Technical View: Nifty forms #39;Bearish Belt Hold#39; pattern; 11,393 crucial for bulls
The Nifty50 after opening gap down extended losses as the day progressed and broke the psychological 11,500-mark on Monday, tracking further weakness in Indian rupee which ended at record closing low of 72.45 to the dollar. The renewed trade tensions between US and China also dented market sentiment.
The index closed sharply lower, forming ‘Bearish Belt Hold’ pattern on the daily candlestick chart.
A ‘Bearish Belt Hold’ pattern is formed when the opening price becomes the highest point of the trading day (intraday high) and the index declines throughout the trading day making up for the large body. The candle will either have a small or no upper shadow and small lower shadow.
The Nifty50 opened lower at 11,570.25 and extended losses to decisively break 11,500 levels. The index hit an intraday high of 11,573 and low of 11,427.30, before closing down 151 points or 1.30 percent at 11,438.10.
“Negative cues from the Emerging Market space appears to have ruined the chances of pull back rally as Nifty50 registered a large bearish candle which resembles a bearish belt hold pattern suggesting a fresh downward pressure on the indices,” Mazhar Mohammad, Chief Strategist – Technical Research & Trading Advisory, Chartviewindia.in told Moneycontrol.
He said with rupee looking vulnerable with a fresh breakdown which has opened a downside target of 73.74 levels, bears of equity markets will swear to pull down the indices further towards their 100-day EMA which value is placed around 11,060 kind of levels. This kind of weakness can be expected on a close below recent swing low of 11,393 levels.”
However, in between meaningful support can be expected in the zone of 11,200–11,150 levels, according to him.
On the upsides, he said pull back rally will not resume unless Nifty50 closes above 11,603 levels. “Hence, aggressive traders can consider fresh shorts on breach of 11,390 levels by placing a stop above day’s high.”
The India Volatility Index increased by 10.07 percent to 15.29.
Maximum call open interest (OI) of 45.25 lakh contracts was seen at the 11,800 strike price, which will act as a crucial resistance level for September series, followed by the 11,600 and 11,700 strikes.
Maximum put open interest of 44.29 lakh contracts was seen at the 11,400 strike price, which will act as a crucial support level for September series, followed by the 11,500 and 11,000 strikes.
Highest Call writing was seen at 11,600 strike followed by 11,700 and 11,500 while Put writing was seen at 11,100 followed by 11,200 and 10,900.
“As expected, the Golden Ratio mark proved to be the key level from where reversal has taken place. The key Fibonacci level attracted fresh round of selling. Consequently, the index has started next leg down today,” Gaurav Ratnaparkhi, Senior Technical Analyst, Sharekhan by BNP Paribas said.
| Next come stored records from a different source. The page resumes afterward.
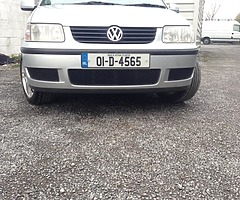 2001 polo - Image 7/10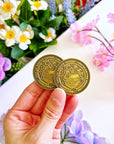 Magnet - Lil' Taiyaki Coin - LIMITED EDITION - SumLilThings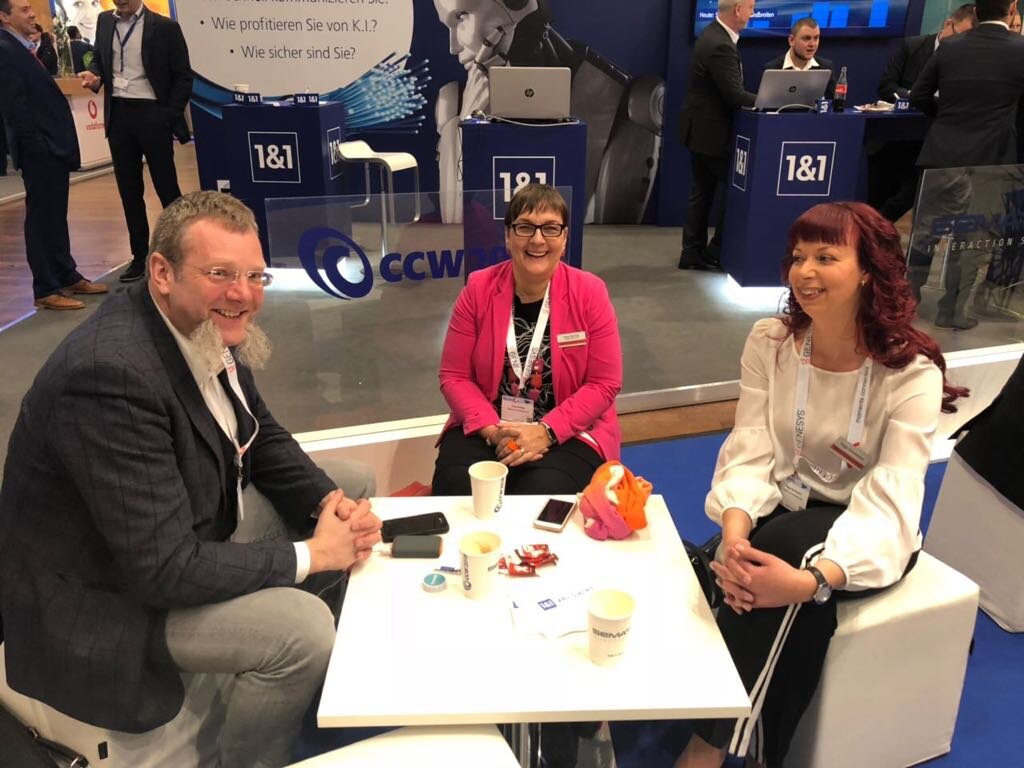 CCW 2018 – Vielen Dank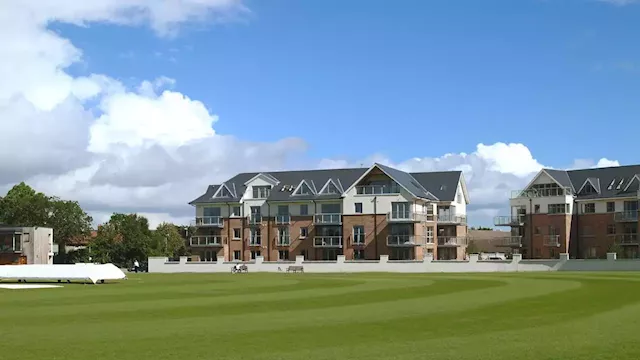 Luxury apartments on former cricket grounds hit market at €10m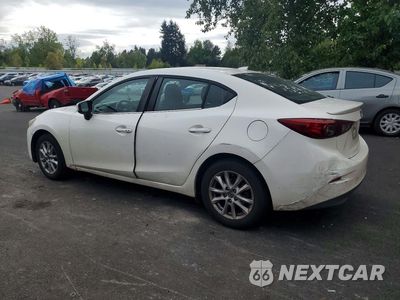 Drugie zdjęcie samochodu z przodu: 2015 MAZDA 3 GRAND TOURING VIN:JM1BM1W72F1229760 - miniatura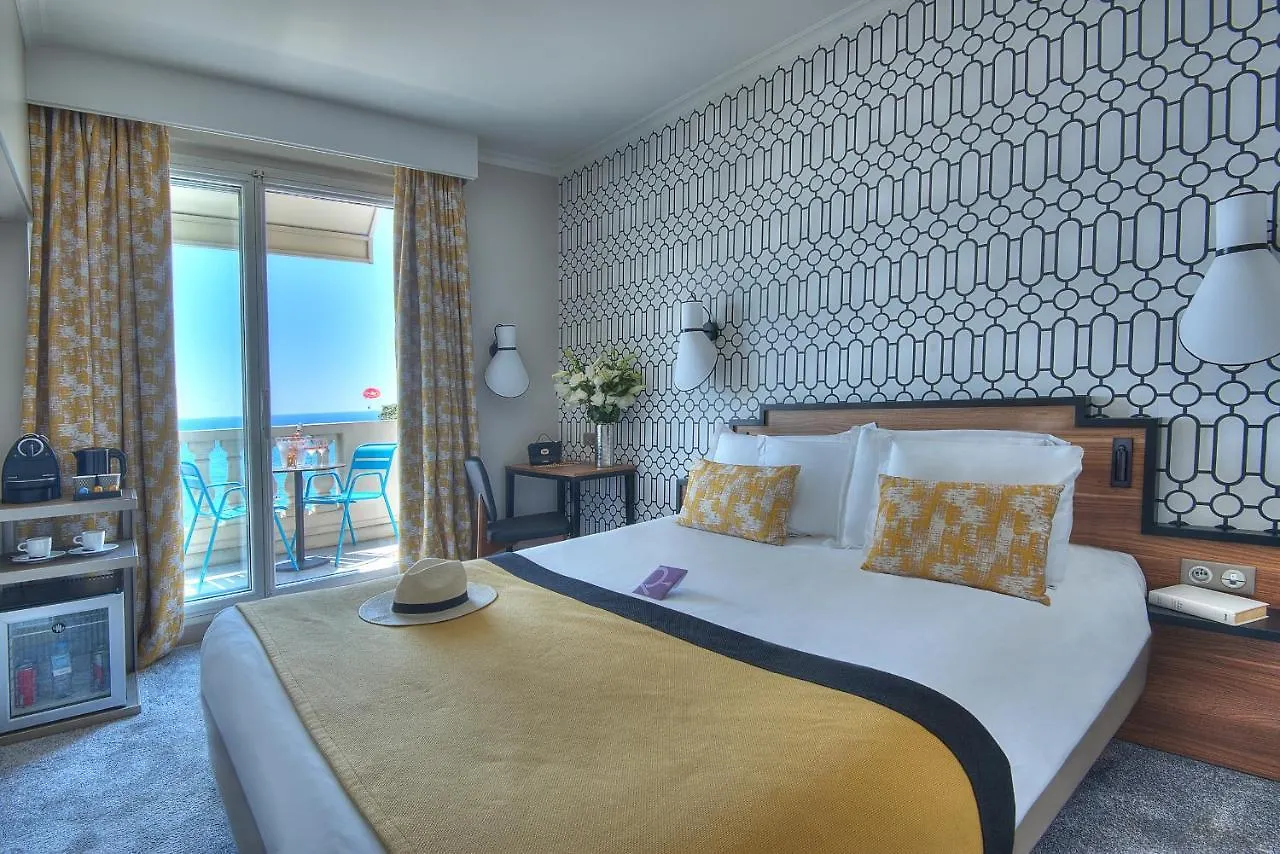 Hotel Mercure Nice Marche Aux Fleurs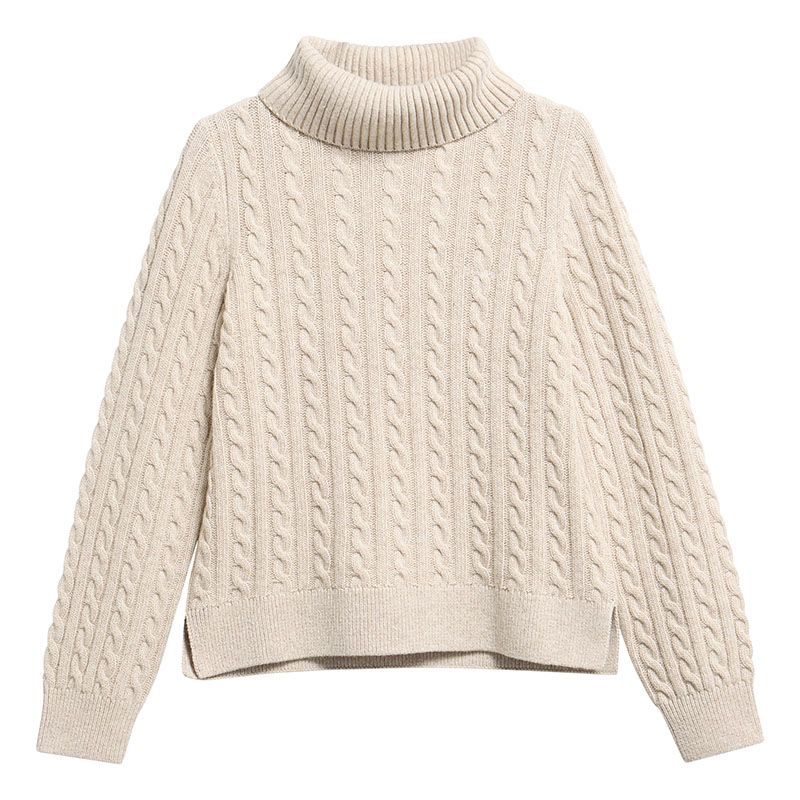 AMBLESIDE CABLE KNITTED JUMPER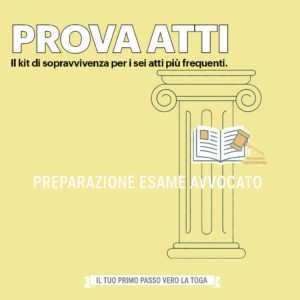 Prova atti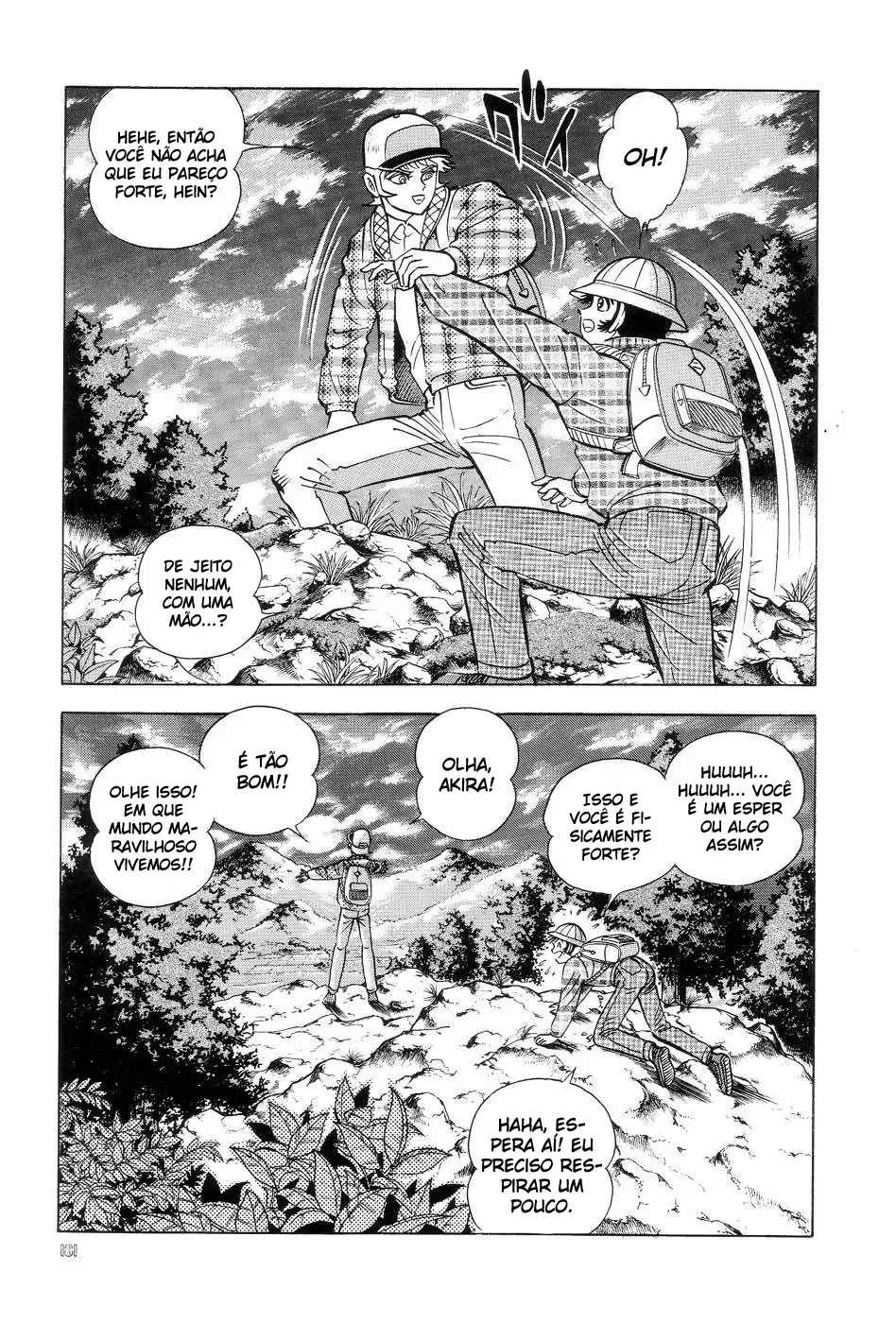 Neo Devilman Chapter 5 page 25
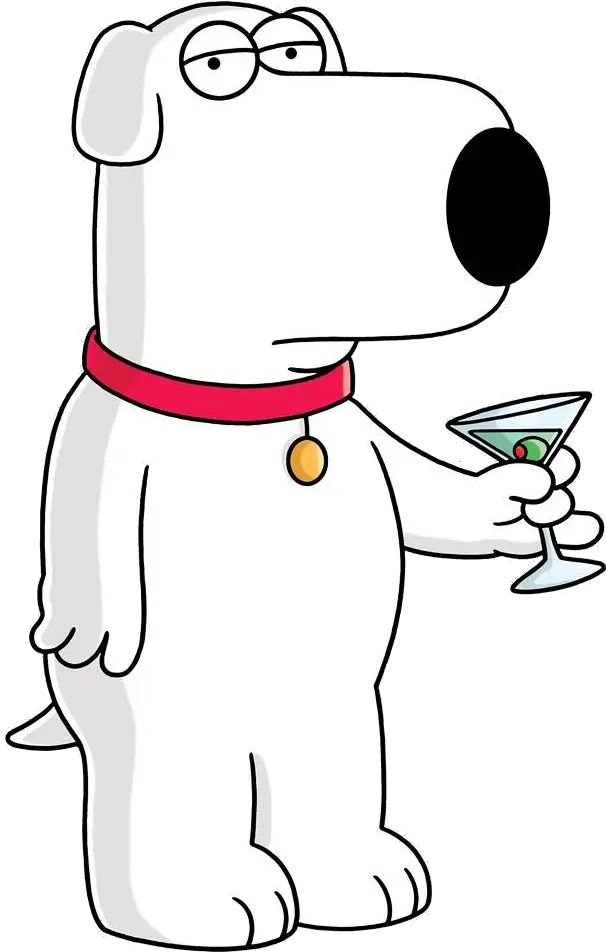 Brian Griffin Brian Griffin Png Griffin Png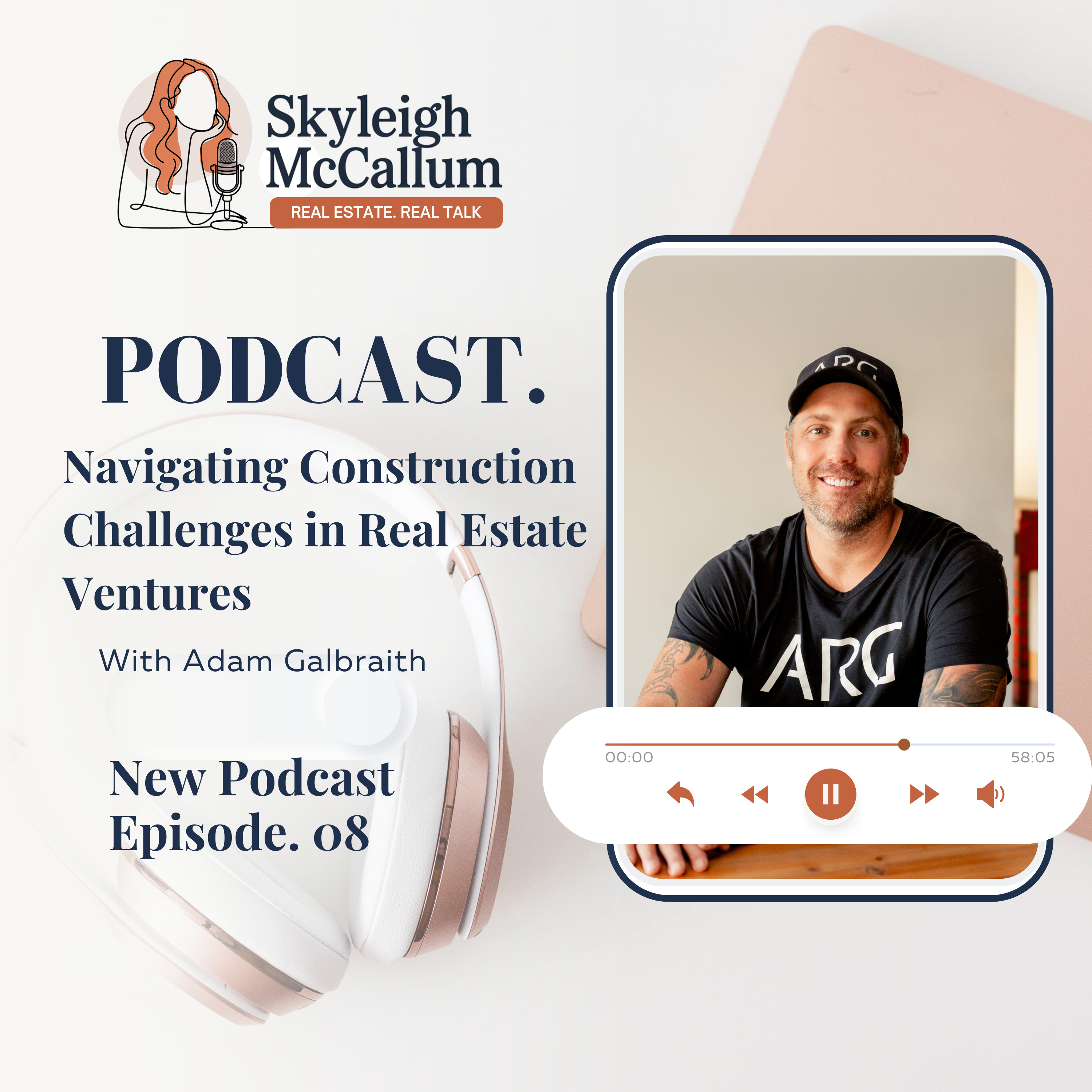 Real Estate / Real Talk Podcast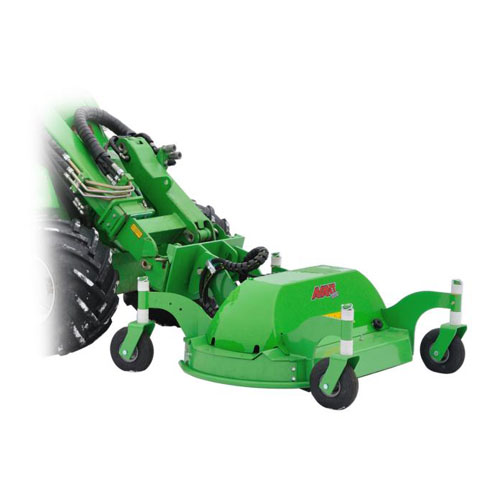 Avant loader attachments - lawn mower 1200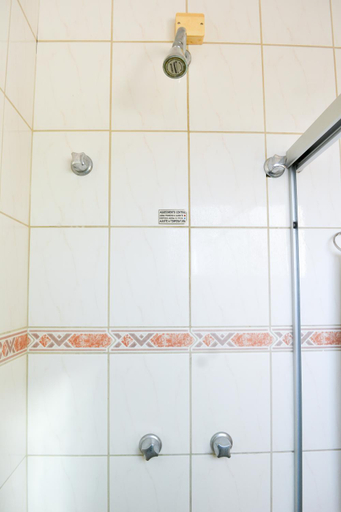 Bathroom 4, Vale Verde Palace Hotel, Laranjal Paulista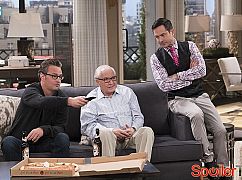 The Odd Couple: 2x04 Madison & Son - zdjęcia promocyjne
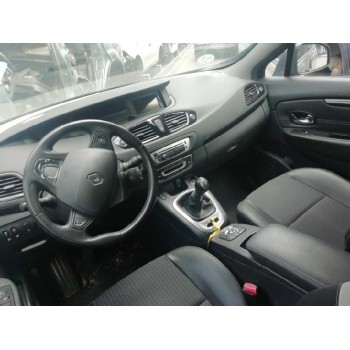 renault scenic iii del año 2014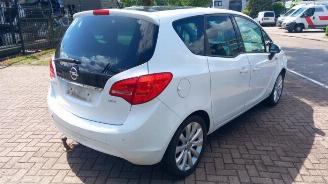Opel Meriva Meriva (B), MPV, 2010 / 2017 1.3 CDTI 16V picture 7
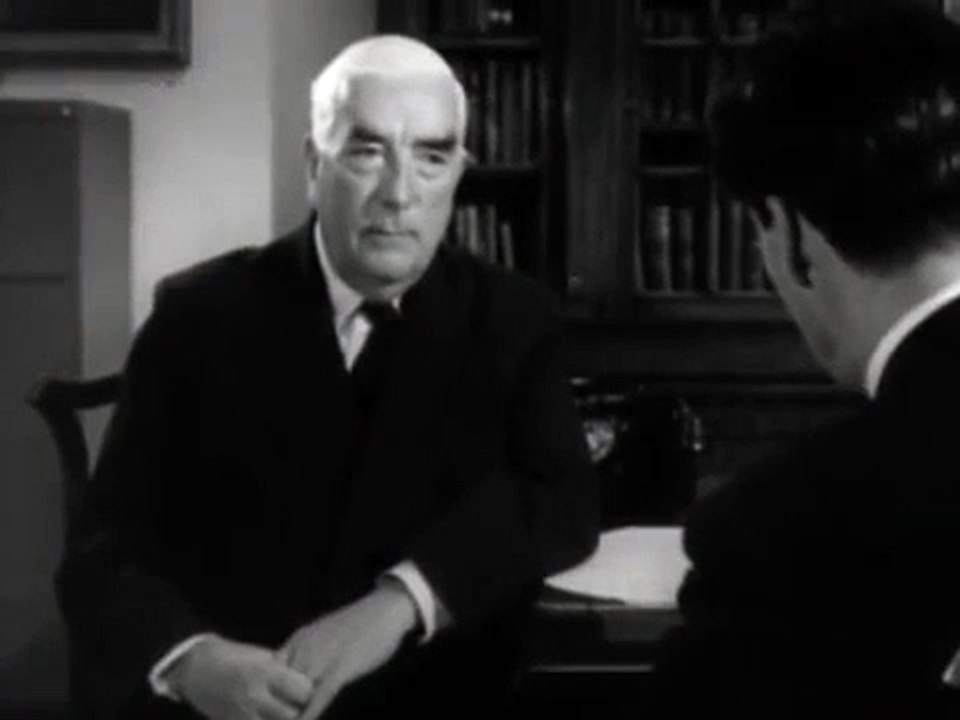 Interview with Sir Robert Menzies - Ludovik Kennedy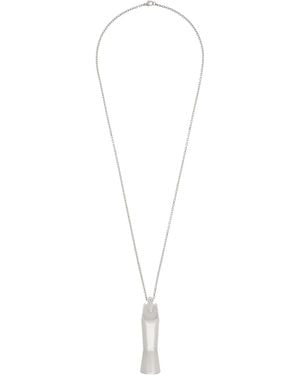 メンズ Rick Owens ネックレス | オンラインセールは最大63%オフ | Lyst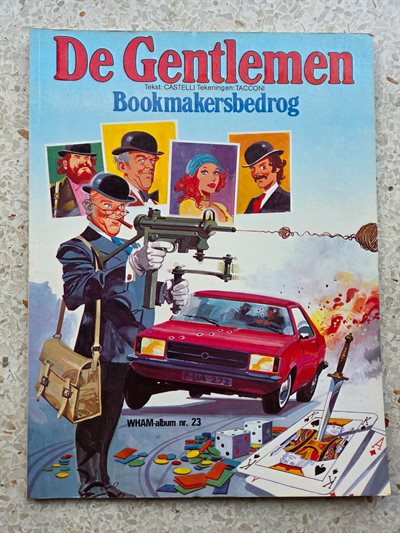 De gentlemen-bookmakersbedrog-Castelli/Wham-sc-1edruk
He further said in terms of the price patterns, the pullback had taken form of a bearish wedge pattern on the hourly chart. “The pattern broke out on the downside with a breakaway gap, which led to the sustained fall for the day. On the way down, the index has broken lower end of the rising channel as well.”
From short term perspective, 11,350-11,300 will be the target area to watch out for and on the other hand, 11,500-11,550 will act as an immediate hurdle zone, he feels.